Ainsi donc, le délit de la presse privée est de faire tout temps de la politique, avec des plateaux à n'en plus finir au détriment du travail de terrain. Certes, Babacar Diagne a raison sur ce constat. Mais la différence entre ces chaînes privées et la Rts, c’est le fait d’assumer sa position. Les chaînes privées ne s’en cachent pas : elles font de la politique. Mais la Rts aussi fait de la politique. Le problème, c’est qu’elle ne veut pas l’assumer.
D’ailleurs, un fait devrait intriguer Babacar Diagne, lui l’ancien DG de la télévision publique : comment se fait-il que la RTS soit sur le point de devenir l’antichambre de l’Apr ? À la limite, c’est à se demander si la boîte n’est pas devenue une section ou une coordination de l’Apr.
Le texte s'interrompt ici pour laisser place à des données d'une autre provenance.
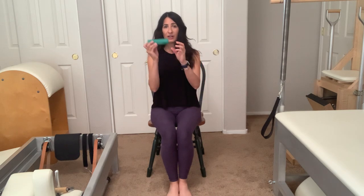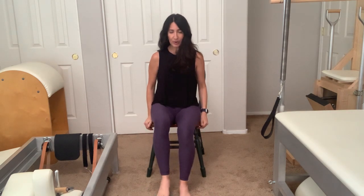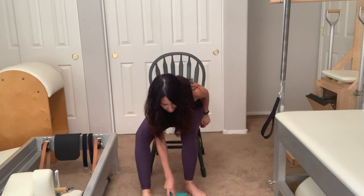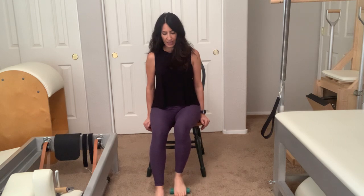Let's get started with our bone massage. Place your roller or prop under the ball of your foot, hands on the sides of your chair, and sit nice and tall. Roll the prop under the ball of your foot forward and back, then change to the arch of your foot. Move to the heel and go forward and back along the length of your heel. We're massaging the foot to bring blood flow into the area and stimulation and awareness to those muscles so they'll work better for us.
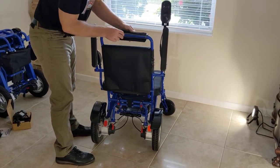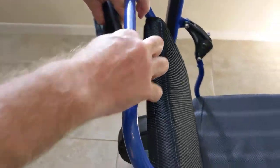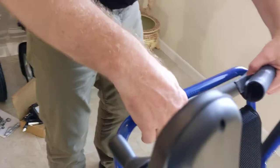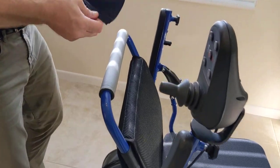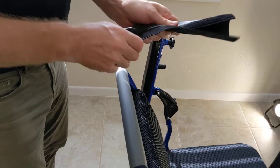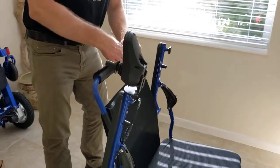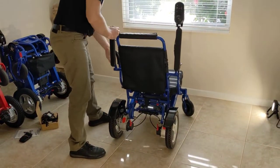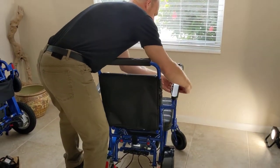Each chair has its own serial number located on the top of the chair just underneath the handle. The handle space is also where you would attach the attendant controller bracket and it provides additional padding. Accessories such as a leg extension kit and a headrest can also be used with this chair.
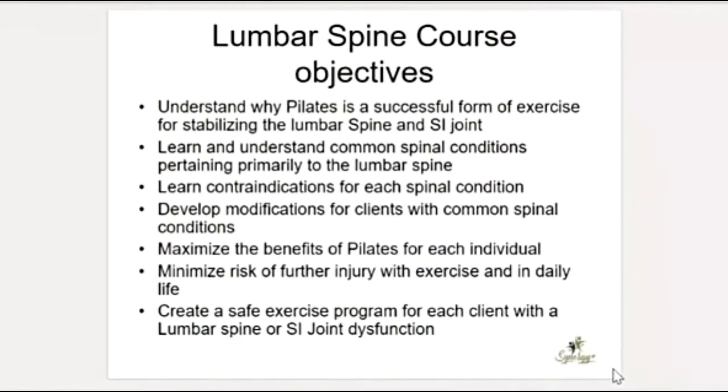We'll learn and understand common spinal conditions pertaining primarily to the lumbar spine, the contraindications for each spinal condition, and develop modifications for clients with these conditions. We can maximize the benefits of Pilates for each individual if we understand what's going on with their body, minimize the risk of future injury, and create a very safe exercise program for each client with a lumbar spine or SI joint dysfunction.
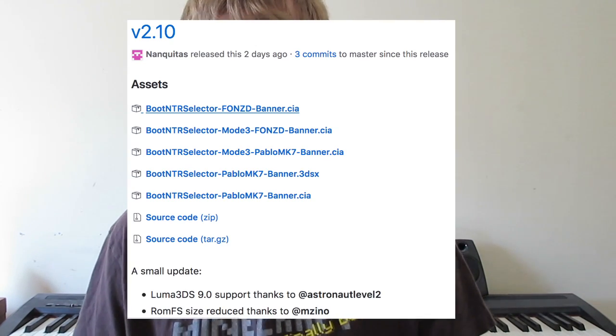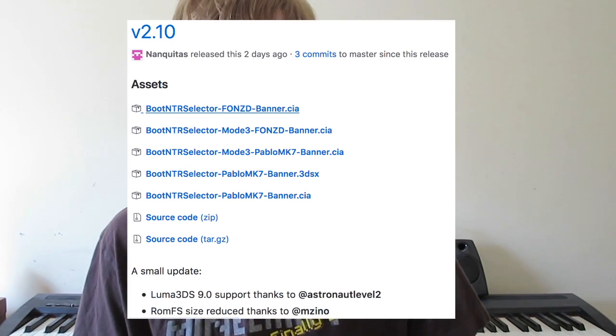The last 3DS homebrew to talk about is Boot NTR. Essentially, Boot NTR is the application used to run NTR custom firmware from Luma. It's been updated to run on Luma version 9.0. That's really the only change. So if you're now on Luma 3DS 9.0 and you use NTR firmware, make sure you get this Boot NTR update so it works properly.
Thierno Amadou Sy, Nafissatou Sylla, Aminata Angélique Manga sont tous des journalistes de la Rts devenus membres de l’Apr. Ce même Cheikh Bamba Guèye s’est engagé lui aussi au sein de l’Apr. Et tout porte à croire que cet engagement n’est pas nouveau. En 2019, il est allé sur le plateau de Sen tv pour affirmer que « le produit intérieur brut a connu un bond de 30% pour le Sénégal (sic)». Serigne Saliou Guèye, présent sur le plateau, lui demande de revoir ses chiffres, mais Bamba campe sur sa position. Et c’est ce monsieur qui est présent à l’antenne de la Rts pour faire une propagande mensongère sur la circulation à Dakar.
Au-delà de lui, il y a toute une liste de journalistes de la Rts devenus militants de l’Apr. Certains s’assument, d’autres le sont moins. Le problème de fond est que tous ces journalistes passent à l’antenne, et la confusion peut vite arriver entre le statut du professionnel et celui du militant. Mais cela ne saurait surprendre si l’on sait que le DG de la boîte, Racine Talla, s’est permis, le soir des Législatives 2022, d’intervenir en direct dans une émission non ouverte à des interventions du public pour démentir les invités (des universitaires) au sujet de la cohabitation et recadrer les présentateurs pour avoir laissé cette idée prospérer, tout en se prévalant de son statut de professionnel à celui du Directeur. Et pourtant, il a fallu que le député Pape Diop, élu dans les rangs de l’opposition, rejoigne la coalition Benno pour qu’elle ait une majorité et éviter ainsi la cohabitation. Tout ceci pour dire que les dérives, il n’en manque pas à la Rts.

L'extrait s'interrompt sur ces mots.